We will never know how good Novellist was but the chances are that he was one of the best we will ever see. He stopped the Ascot clock at 2.24.6 for the mile and a half. It was his only run in Britain. Talk about a fleeting visit.
True the ground was fast and with Universal and Ektihaam duelling up front the pace was brutal from the start. But in Trading Leather, Hillstar and Cirrus Des Aigles, Novellist had the winners of the Irish Derby, the King Edward VII and the Qipco Champion trailing in his wake. He had bitten two full seconds off Harbinger’s track record set in the same race exactly four years before. But he had done more than that. He had been the very symbol of the racehorse at its best.

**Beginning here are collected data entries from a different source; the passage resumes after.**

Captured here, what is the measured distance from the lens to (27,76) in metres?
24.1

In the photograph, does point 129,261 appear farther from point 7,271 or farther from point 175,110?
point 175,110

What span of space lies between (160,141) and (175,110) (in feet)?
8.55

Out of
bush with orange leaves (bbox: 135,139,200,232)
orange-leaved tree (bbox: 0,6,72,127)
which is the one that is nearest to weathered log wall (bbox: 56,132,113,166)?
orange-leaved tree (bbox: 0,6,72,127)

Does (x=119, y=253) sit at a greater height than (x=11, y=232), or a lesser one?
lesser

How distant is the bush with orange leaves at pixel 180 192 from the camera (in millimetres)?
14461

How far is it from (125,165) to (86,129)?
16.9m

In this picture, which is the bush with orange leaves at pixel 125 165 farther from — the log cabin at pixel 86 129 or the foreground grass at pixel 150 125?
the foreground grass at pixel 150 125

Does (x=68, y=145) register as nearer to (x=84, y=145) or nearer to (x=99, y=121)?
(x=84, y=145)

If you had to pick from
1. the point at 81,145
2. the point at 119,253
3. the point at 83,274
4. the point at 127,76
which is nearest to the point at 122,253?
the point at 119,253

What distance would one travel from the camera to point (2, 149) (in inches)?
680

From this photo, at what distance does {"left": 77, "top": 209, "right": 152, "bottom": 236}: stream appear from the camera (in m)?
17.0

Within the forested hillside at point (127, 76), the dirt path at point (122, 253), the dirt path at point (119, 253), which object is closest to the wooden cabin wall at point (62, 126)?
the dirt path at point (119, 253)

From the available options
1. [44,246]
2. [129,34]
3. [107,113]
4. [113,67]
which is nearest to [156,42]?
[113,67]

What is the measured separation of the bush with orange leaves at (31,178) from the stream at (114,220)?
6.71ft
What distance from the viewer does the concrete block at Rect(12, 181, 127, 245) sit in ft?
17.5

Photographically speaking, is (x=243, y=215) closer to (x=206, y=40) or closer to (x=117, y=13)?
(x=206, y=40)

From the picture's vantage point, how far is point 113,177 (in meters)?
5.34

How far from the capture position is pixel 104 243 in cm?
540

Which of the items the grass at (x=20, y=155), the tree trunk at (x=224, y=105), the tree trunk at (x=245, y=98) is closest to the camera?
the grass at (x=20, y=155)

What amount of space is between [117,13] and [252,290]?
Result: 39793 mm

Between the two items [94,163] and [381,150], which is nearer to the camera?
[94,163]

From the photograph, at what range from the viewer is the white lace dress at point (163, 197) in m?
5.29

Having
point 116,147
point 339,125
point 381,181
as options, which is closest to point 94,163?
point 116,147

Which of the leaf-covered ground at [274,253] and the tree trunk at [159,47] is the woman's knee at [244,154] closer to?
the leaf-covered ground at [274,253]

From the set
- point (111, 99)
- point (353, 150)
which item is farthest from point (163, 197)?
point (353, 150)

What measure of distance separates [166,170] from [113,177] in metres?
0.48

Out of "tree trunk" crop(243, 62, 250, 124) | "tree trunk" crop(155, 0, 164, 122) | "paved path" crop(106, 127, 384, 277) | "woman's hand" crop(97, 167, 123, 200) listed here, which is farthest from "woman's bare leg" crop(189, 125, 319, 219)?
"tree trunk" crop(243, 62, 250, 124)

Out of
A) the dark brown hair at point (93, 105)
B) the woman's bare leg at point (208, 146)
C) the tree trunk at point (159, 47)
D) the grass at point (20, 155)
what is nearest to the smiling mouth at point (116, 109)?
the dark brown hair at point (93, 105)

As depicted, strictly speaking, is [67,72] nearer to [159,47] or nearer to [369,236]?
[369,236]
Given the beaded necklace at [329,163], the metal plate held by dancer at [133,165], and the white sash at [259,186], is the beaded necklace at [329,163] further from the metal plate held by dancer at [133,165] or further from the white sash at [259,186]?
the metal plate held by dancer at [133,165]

Here was the thoroughbred at the peak of its powers. As a four year he was giving a full twelve pounds to both the second and third to allow for their comparative immaturity at only three. As a German bred he proclaimed the virtues of his homeland’s emphasis on stamina rather than precocity. As already a winner of eight of his ten races he demanded far more respect than we had given him. And don’t forget he was supposed to be better with the ground less quick.

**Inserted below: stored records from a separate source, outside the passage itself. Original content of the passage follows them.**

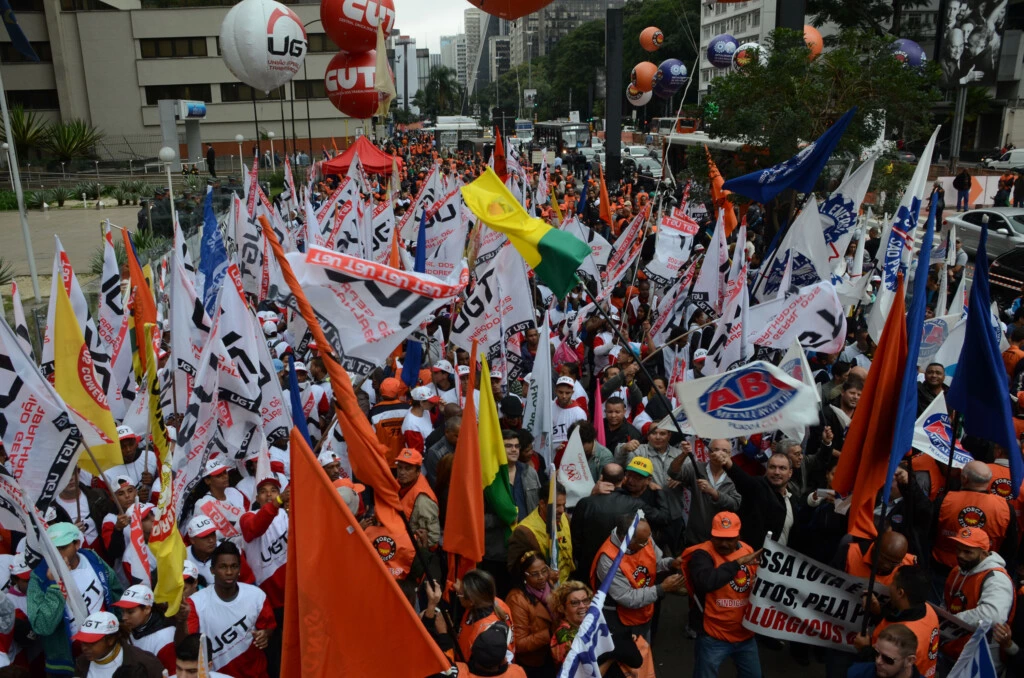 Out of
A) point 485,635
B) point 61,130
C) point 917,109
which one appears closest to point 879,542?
point 485,635

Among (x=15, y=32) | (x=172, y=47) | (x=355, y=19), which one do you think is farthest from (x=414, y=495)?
(x=172, y=47)

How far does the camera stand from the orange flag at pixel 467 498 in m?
5.13

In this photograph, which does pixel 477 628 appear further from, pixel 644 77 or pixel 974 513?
pixel 644 77

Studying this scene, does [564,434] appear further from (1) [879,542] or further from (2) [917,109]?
(2) [917,109]

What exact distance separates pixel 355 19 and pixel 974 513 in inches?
717

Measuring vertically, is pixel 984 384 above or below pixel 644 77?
below

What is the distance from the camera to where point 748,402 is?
4859mm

But this was his day and our day. Form analysts can nit pick if they like but this was Britain’s showcase for midsummer with a dark bay powering clear under the Ascot sun. Horse racing should be judged on the big racetrack exam not on homework. That we were not expecting this result and that Novellist was not able to take the French finals in October’s Arc de Triomphe, should have nothing to do with it. Say what you see. For us last season, Novellist should top the charts.